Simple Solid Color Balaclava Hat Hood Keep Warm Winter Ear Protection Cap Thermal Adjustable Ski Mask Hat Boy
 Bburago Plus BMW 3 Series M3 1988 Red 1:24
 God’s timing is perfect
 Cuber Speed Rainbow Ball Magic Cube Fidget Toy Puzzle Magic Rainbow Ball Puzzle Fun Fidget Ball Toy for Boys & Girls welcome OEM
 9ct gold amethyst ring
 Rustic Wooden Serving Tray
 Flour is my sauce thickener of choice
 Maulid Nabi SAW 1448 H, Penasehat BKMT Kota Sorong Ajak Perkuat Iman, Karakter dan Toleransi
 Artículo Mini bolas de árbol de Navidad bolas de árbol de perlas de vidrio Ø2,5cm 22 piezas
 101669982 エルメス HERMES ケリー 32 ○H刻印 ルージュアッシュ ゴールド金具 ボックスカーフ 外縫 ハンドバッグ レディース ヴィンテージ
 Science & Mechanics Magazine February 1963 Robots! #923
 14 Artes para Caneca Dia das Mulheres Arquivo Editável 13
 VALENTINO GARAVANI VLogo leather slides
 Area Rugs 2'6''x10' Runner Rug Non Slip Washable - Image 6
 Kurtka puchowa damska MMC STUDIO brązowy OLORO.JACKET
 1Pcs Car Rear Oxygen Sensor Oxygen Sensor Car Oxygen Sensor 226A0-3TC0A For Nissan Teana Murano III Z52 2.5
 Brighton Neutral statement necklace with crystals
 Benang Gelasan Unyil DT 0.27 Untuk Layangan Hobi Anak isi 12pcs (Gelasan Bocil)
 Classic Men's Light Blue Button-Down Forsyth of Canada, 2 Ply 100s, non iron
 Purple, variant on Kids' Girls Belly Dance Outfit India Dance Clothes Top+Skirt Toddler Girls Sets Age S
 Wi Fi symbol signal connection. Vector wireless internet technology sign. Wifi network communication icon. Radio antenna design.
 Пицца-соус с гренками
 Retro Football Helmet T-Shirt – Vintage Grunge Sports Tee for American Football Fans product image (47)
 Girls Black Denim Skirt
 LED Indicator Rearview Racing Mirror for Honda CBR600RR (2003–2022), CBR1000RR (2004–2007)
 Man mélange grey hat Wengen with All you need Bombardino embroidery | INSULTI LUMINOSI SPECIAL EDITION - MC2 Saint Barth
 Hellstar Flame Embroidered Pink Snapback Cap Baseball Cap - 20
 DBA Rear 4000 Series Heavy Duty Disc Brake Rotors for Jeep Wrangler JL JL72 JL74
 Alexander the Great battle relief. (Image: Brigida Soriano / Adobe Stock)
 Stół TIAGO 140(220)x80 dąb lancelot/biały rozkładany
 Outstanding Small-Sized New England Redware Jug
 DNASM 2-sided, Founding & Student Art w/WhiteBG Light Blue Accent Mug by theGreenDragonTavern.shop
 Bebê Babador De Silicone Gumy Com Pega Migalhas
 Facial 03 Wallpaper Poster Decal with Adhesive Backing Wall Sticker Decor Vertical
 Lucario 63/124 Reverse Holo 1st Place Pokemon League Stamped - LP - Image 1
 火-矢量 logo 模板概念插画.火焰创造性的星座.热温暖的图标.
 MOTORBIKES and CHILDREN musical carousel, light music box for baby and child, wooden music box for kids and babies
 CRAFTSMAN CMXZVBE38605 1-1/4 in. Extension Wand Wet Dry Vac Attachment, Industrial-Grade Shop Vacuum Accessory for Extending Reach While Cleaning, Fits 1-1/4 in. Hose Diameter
*-*-*
### Exercise details
Show every line of the data in which the word "with" appears.

### Solved exercise
 Brighton Neutral statement necklace with crystals
 Man mélange grey hat Wengen with All you need Bombardino embroidery | INSULTI LUMINOSI SPECIAL EDITION - MC2 Saint Barth
 Facial 03 Wallpaper Poster Decal with Adhesive Backing Wall Sticker Decor Vertical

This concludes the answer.